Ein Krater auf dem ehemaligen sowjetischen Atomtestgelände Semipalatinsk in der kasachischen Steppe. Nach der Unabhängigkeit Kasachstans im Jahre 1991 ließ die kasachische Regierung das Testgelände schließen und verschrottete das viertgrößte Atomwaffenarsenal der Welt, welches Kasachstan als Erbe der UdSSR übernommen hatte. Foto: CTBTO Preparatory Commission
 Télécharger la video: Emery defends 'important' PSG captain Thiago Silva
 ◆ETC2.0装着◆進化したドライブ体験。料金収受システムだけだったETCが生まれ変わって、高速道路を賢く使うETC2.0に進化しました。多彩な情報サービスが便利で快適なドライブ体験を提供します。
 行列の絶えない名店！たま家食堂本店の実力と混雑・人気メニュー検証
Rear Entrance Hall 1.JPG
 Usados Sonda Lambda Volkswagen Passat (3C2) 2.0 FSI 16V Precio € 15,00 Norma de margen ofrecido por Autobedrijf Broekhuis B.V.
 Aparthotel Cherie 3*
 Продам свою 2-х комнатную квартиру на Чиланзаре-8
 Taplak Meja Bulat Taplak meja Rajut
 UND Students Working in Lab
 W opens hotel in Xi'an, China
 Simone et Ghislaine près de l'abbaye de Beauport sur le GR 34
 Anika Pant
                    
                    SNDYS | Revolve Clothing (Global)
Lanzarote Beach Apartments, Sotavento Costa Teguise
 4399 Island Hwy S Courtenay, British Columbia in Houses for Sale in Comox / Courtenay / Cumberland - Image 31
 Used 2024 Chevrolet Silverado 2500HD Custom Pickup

What the exercise asks =>
After locating the line holding "UND Students Working in Lab" above, output exactly that line and every line after it through the line holding "SNDYS | Revolve". Include nothing else.

Answer box =>
 UND Students Working in Lab
 W opens hotel in Xi'an, China
 Simone et Ghislaine près de l'abbaye de Beauport sur le GR 34
 Anika Pant
                    
                    SNDYS | Revolve Clothing (Global)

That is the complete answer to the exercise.